Now, the point of charts is that their chart domains should be "trivial" topologically. From this, and some other (perhaps misunderstood by myself) remarks I have read in books, I have come under the impression that any open set of $\mathbb{R}^n$ is homeomorphic with $\mathbb{R}^n$ (this is certainly true for open balls and open rectangles, though).
This statement seems to be wrong though. For example, let $$ C=\{x^2+y^2 <r_0|\ (x,y,z)\in\mathbb{R}^3\} $$be an open infinitely long cylinder in $\mathbb{R}^3$, which is clearly an open set, so its closure $\text{cl}(C)$ is a closed set, then $$ M=\mathbb{R}^3\setminus\text{cl}(C) $$ is the complement of a closed set, so it is open.
However $M$ has nontrivial homotopy classes, in particular, loops that wind around the cylinder are not contractible. However homeomorphisms preserve homotopy, so $M$ cannot be homeomorphic to $\mathbb{R}^3$, but it is an open set of it.

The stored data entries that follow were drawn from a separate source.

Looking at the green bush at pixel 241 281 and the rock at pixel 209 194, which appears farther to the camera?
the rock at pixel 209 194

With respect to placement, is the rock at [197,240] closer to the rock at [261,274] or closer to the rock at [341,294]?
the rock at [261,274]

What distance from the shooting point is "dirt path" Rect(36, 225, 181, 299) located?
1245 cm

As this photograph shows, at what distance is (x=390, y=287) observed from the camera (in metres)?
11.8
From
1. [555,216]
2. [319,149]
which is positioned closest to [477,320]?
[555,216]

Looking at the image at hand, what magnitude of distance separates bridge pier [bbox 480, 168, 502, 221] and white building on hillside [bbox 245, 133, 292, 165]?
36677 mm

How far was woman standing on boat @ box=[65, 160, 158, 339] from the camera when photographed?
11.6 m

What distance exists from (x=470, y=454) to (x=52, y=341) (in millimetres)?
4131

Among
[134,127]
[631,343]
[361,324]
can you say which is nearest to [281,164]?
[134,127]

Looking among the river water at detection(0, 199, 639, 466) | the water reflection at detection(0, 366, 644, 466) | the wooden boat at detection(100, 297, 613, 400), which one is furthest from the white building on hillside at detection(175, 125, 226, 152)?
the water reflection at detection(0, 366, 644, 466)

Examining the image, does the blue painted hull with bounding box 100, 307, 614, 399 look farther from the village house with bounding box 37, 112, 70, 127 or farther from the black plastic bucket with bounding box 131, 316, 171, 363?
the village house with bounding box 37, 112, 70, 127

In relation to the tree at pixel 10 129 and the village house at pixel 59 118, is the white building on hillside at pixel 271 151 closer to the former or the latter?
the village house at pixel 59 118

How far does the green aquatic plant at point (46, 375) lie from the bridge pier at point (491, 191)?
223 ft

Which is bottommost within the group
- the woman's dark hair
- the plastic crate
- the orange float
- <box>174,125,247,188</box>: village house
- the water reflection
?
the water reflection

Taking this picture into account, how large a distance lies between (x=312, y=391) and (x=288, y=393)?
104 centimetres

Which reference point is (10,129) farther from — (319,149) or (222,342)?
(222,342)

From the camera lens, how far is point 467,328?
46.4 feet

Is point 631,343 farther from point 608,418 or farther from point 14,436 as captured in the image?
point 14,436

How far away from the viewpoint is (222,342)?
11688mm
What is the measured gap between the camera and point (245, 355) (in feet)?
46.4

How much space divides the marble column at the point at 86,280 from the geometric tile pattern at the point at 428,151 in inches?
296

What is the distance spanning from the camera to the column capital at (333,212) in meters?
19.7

Question: What is a general criterium to determine whether an open set of $\mathbb{R}^n$ is homeomorhpic to $\mathbb{R}^n$ itself?
Based on my example, I assume defining chart maps to be "just" homeomorphisms to an open subset of $\mathbb{R}^n$ is wrong then, right?
The three conditions about charts are equivalent (by perhaps different choice of "local"), because we only consider an open base for each point $p\in M$. The whole point about this "local" adjective is that you are allowed to restrict to even smaller neighbourhoods to get the condition (since in the base you can replace the old larger open set by this new smaller open set and still get a local base). There is no loss in restricting because what we ultimately considers is a maximal atlas, i.e., every chart (i.e. homeomorphism from an open subset of $M$ to an open subset of $\mathbb{R}^n$) that is compatible (i.e. transition maps are whatever class $C^0,C^1,\dots,C^\infty,C^\omega$ you are working with) with our local charts are thrown into the mix.
@DanielMroz comment and links addressed your question about how to decide if an open subset of $\mathbb{R}^n$ is homeomorphic to $\mathbb{R}^n$ itself.